Note that index subscripts do not need to match across sidess! Primitive operations can move subscript placement. Because the weight's output index is not physically sharded, its unprimed $r$ has no subscript, but in the process of performing the right-hand-side sums, one can store the entire logical result in a sharded manner across devices⁴ (hence the subscript on the left side's $r$). More on the rules for subscripts later.

These patterns will be seen again in the Tensor- and Sequence-Parallel examples below. And a general lesson is that any operation which moves or removes a sharding subscript implies the need for communication.

Sometimes it is useful, though a little inelegant, to write communication as an operator that acts on individual indices, as in $x = \texttt{AllReduce}_{ r }(x _{ r })$.

Tensor-Parallel

Tensor-Parallel⁵ (TP) MLP layers just shard the intermediate reduction dimension across devices: $e \longrightarrow r _{0}f$ in the MLP expression above,

z_{ bsd } = W^{ 1 }_{ dr _{0}f }\phi \left ( W^{ 0 }_{ r _{0}fd' } x_{ bsd' }  \right ) \ .
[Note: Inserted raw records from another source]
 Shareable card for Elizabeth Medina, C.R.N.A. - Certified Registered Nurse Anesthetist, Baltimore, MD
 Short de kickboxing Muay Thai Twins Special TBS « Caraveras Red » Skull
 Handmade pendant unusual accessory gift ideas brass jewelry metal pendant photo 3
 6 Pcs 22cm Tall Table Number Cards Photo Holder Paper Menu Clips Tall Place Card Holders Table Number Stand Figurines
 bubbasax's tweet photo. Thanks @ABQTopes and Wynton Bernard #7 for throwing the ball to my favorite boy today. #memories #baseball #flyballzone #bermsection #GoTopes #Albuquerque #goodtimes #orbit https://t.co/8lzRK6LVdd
The first MLP weight is sharded across its output dimension (ColwiseParallel in torch lingo) and the second across its input dimension (RowwiseParallel, similarly). An all-reduce is needed to complete the sum over the logical intermediate index after the second matmul, due to the sharded $r_{ 0 }$.
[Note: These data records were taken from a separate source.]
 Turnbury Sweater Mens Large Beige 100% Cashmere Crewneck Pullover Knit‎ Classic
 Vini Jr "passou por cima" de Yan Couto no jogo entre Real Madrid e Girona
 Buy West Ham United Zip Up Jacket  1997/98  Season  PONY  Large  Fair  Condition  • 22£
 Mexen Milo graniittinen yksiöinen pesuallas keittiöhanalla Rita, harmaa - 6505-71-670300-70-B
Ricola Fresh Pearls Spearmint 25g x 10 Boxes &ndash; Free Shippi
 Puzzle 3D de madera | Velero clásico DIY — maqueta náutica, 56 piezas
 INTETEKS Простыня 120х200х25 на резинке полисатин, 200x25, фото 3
The above decomposition is also a concise proof of correctness for the usual TP sharding strategy, which I personally find easier to follow than the more common proof-by-drawing approach.

FSDP + TP Activations

For an example of a tensor sharded over multiple dimensions, take a FSDP + TP scenario with 0 and 1 being the indices for these two groups. The logical intermediate, TP-sharded activation tensor $z _{ b s d }$ gets sharded into $z _{ f _{ 0 }c s t _{ 1 } e }$ where:

f in range(fsdp_degree)
c in range(global_batch_size // fsdp_degree)
s in range(seqlen)
t in range(tp_degree)
e in range(intermediate_dim // tp_degree)
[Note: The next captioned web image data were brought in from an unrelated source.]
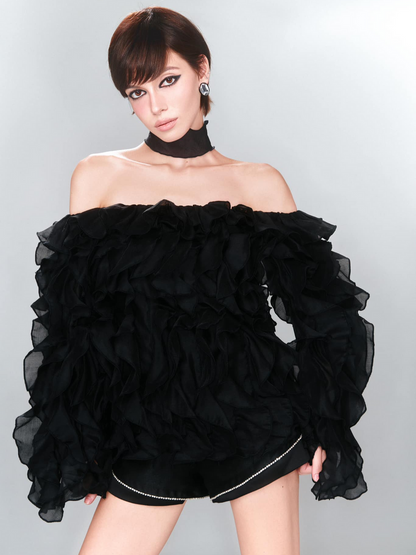 Off-Shoulder Ruffled Chiffon Blouse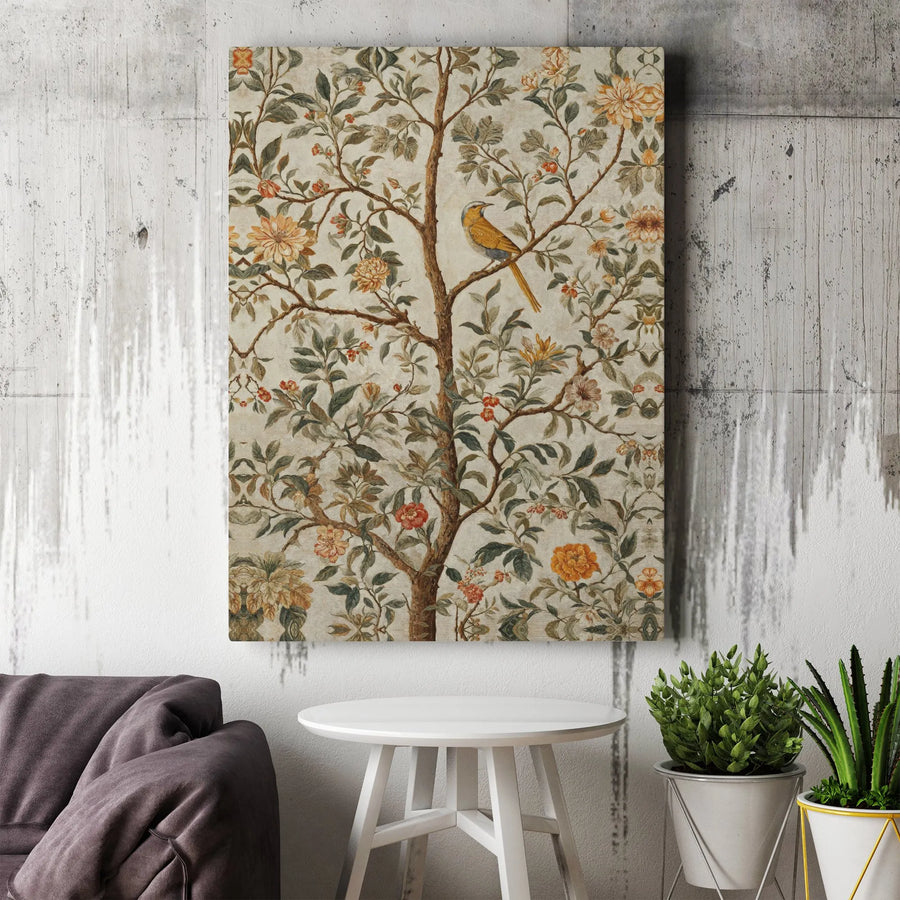 Vintage Botanical Tree Of Life Canvas | Yellow Bird Floral Art Print | Gallery-Quality 1.25" Profile | Elegant Home & Office Wall Decor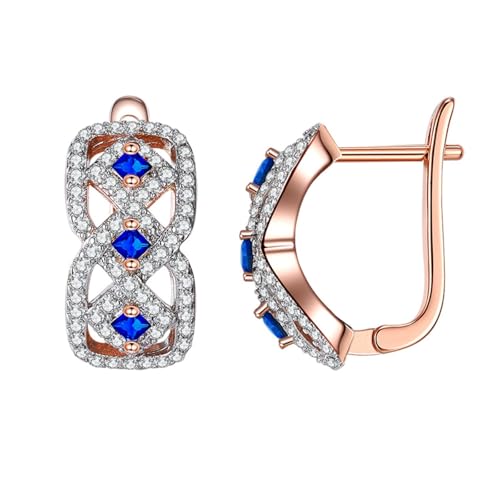 Ohrringe Creolen Rosegold, Frauen Creolen aus 18 Karat Rotgold Unendlichkeit mit blauem Saphir und im Labor hergestelltem Diamanten Ohrringe Creolen Rosegold, Frauen Creolen aus 18 Karat Rotgold Unendlichkeit mit blauem Saphir und im Labor hergestelltem Diamanten von Mesnt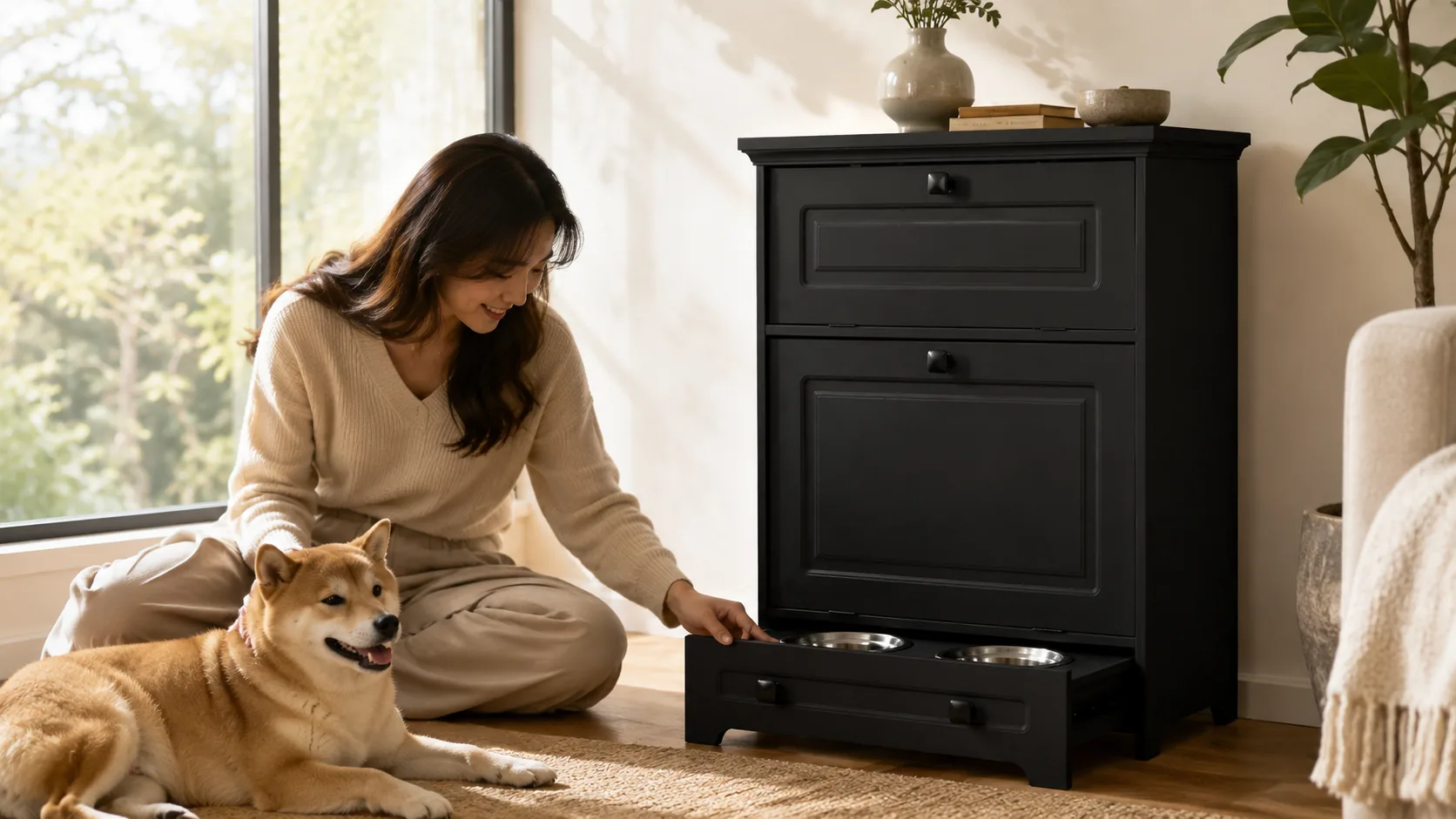 Pet Bowl Pull-Out Wooden Storage Cabinet · Dining Room Corner · GuardHound DOG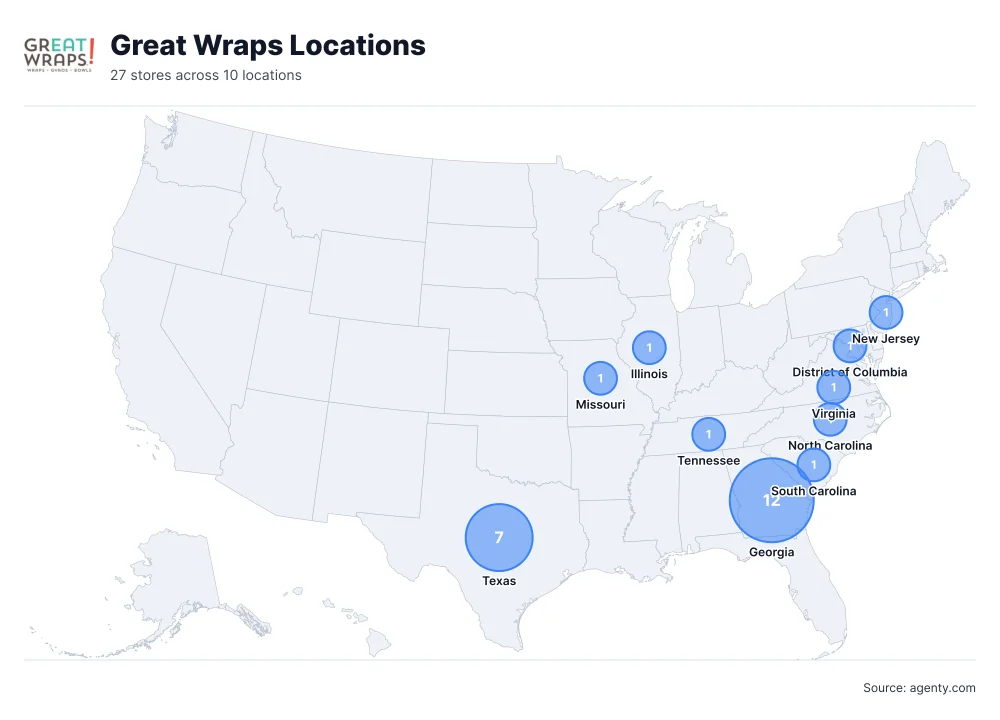 Great Wraps Locations by State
Obviously, this is an unfortunate number of indices, but that mostly just reflects the complexities of sharding multi-dimensional tensors over multiple submeshes.

Shard, Replicate, and Partial

DTensor is the modern pytorch API used to describe distributed tensors. Each DTensor is associated with an n-dimensional mesh (array) of devices, and each mesh axis is associated with a placement that describes the state of the tensor relative to that axis, in ways I will describe. All of these ideas map very cleanly onto the present notation.

The three most fundamental placements are Replicate, Shard, and Partial. The first two are relatively self-explanatory:

Replicate: the tensor is replicated across this dimension.
Shard: one dimension of the tensor (which must be specified) is distributed across this axis.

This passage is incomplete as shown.